Upstate counties are blocking NYC’s rental voucher expansion, and no one’s stopping them

A coterie of upstate leaders are blocking low-income New York City residents from using city-funded housing vouchers to rent apartments in their counties, but so far, no one appears to be stopping them.

Executives in at least three counties issued the bans after New York City’s Department of Social Services unveiled a policy change that will pay the rent for CityFHEPS voucher-holders who find apartments outside the five boroughs. The CityFHEPS program covers the bulk of the rent for families and individuals who qualify based on their income and who have lived in shelters or, in some cases, face homelessness.
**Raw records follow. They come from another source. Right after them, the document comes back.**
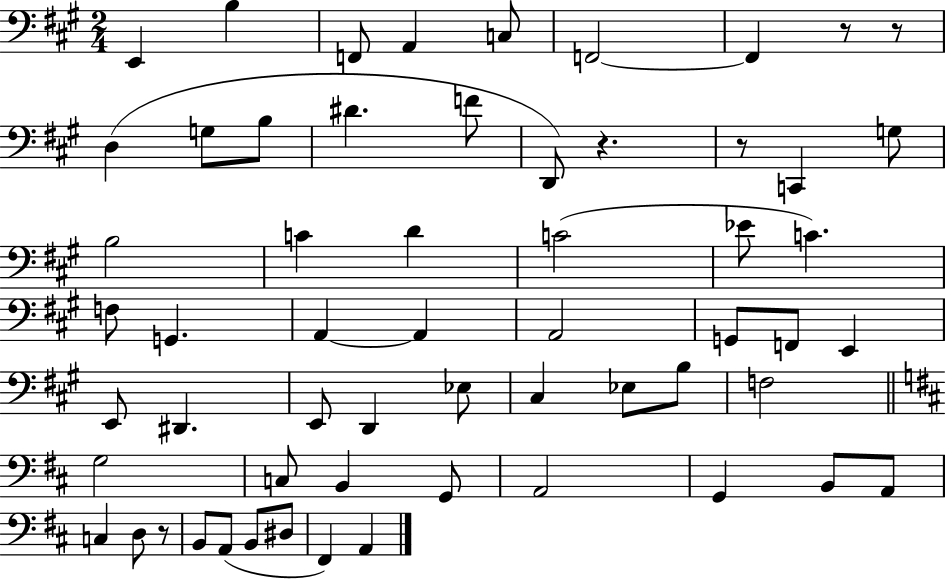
X:1
T:Untitled
M:2/4
L:1/4
K:A
E,, B, F,,/2 A,, C,/2 F,,2 F,, z/2 z/2 D, G,/2 B,/2 ^D F/2 D,,/2 z z/2 C,, G,/2 B,2 C D C2 _E/2 C F,/2 G,, A,, A,, A,,2 G,,/2 F,,/2 E,, E,,/2 ^D,, E,,/2 D,, _E,/2 ^C, _E,/2 B,/2 F,2 G,2 C,/2 B,, G,,/2 A,,2 G,, B,,/2 A,,/2 C, D,/2 z/2 B,,/2 A,,/2 B,,/2 ^D,/2 ^F,, A,, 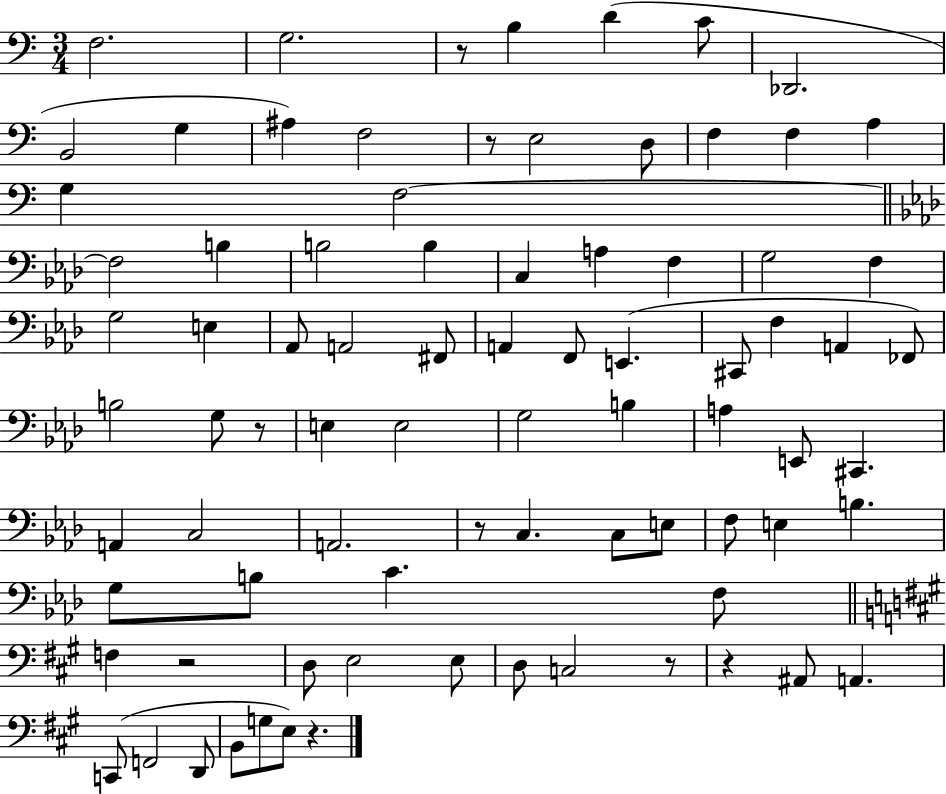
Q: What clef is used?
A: bass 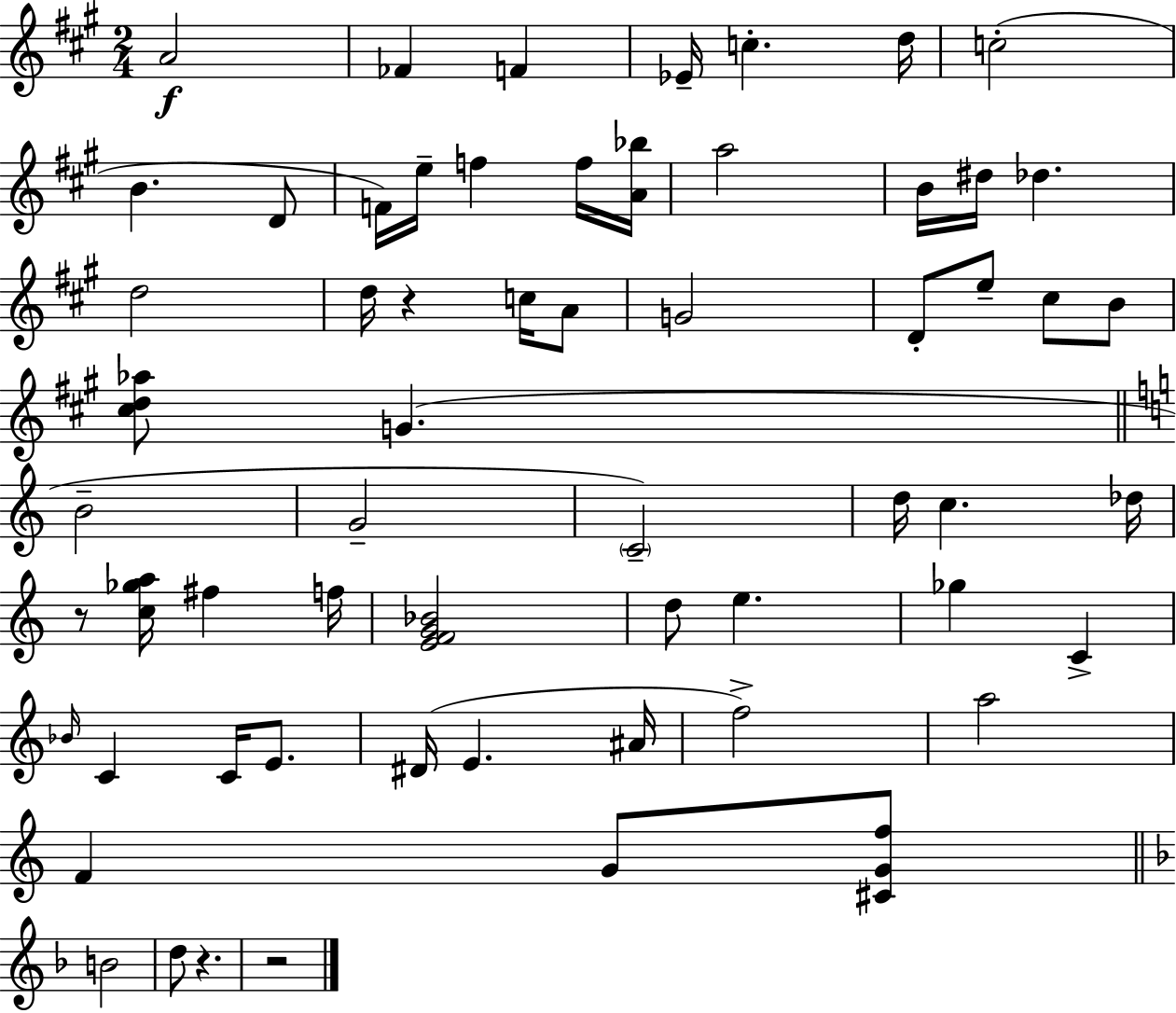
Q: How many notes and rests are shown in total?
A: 61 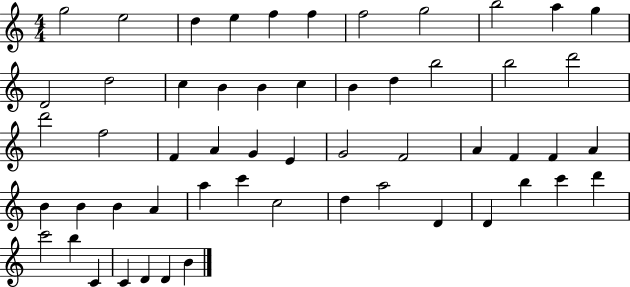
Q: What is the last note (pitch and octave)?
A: B4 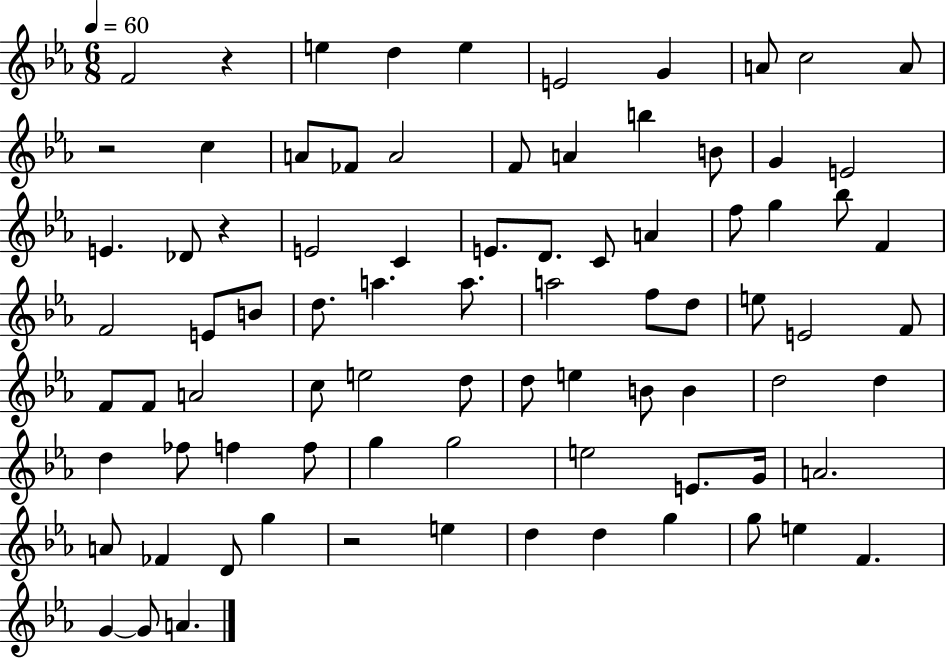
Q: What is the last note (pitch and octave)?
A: A4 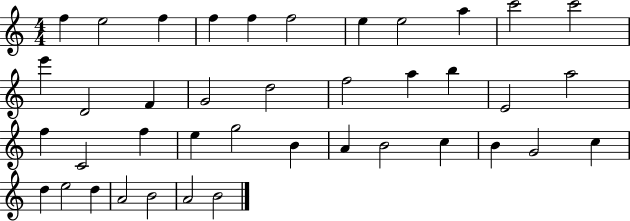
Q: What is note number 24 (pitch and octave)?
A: F5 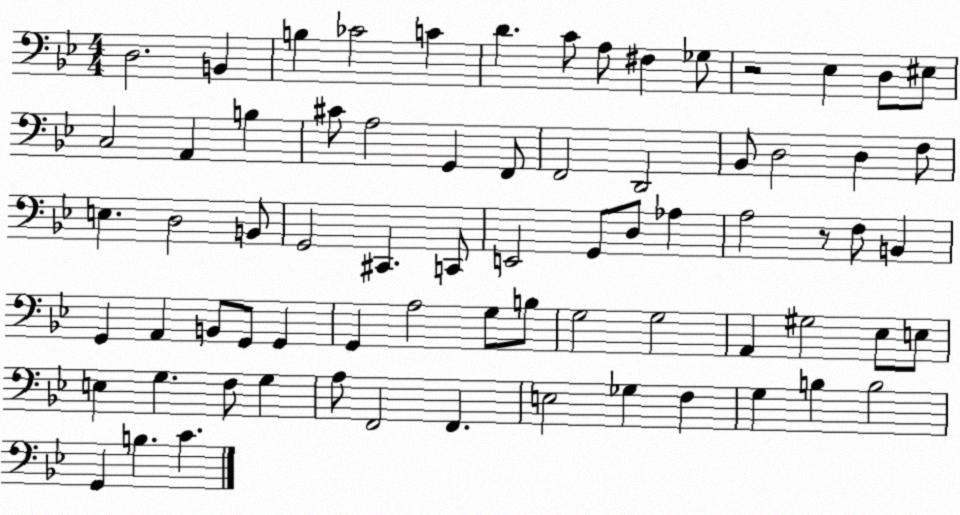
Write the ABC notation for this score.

Two days after Gothamist first reported on the CityFHEPS expansion, Oneida County, home to Utica, explicitly barred landlords from accepting the subsidies — an infraction now punishable by a $2,000 penalty and a misdemeanor charge. Broome and Rockland counties issued similar prohibitions soon after.

New York City “cannot unilaterally deport its impoverished,” said Rockland County attorney Tom Humbach in a statement.

Those measures come despite a 2019 state law that prohibits so-called source of income discrimination — denying someone an apartment because of how they pay their rent. Landlords throughout the state already accept other forms of rental assistance, like the federal Section 8 program and, occasionally, another voucher paid for by New York City’s social service agency.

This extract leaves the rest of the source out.